** Records for this task follows **

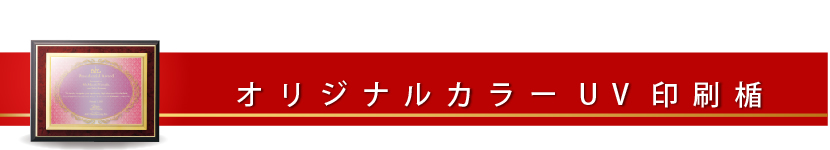 オリジナルカラーUV印刷楯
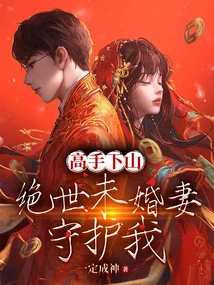 When the Master Comes Down the Mountain, My Stunning Fiancée Protects Me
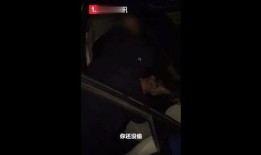 小孙爆料视频,事件背后惊人真相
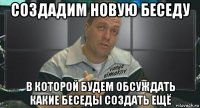 создадим новую беседу в которой будем обсуждать какие беседы создать ещё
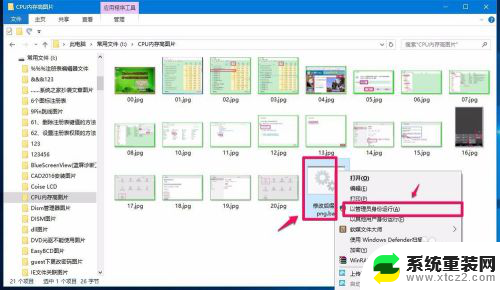 windows rename命令 ren命令在Windows操作系统中的使用方法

** End of Records for this task **

# [Required work]
Only what runs from the line containing "When the Master" through the end of the entries above should be extracted, exactly and without pictures.

# [Solution below]
 When the Master Comes Down the Mountain, My Stunning Fiancée Protects Me
 小孙爆料视频,事件背后惊人真相
 создадим новую беседу в которой будем обсуждать какие беседы создать ещё
 windows rename命令 ren命令在Windows操作系统中的使用方法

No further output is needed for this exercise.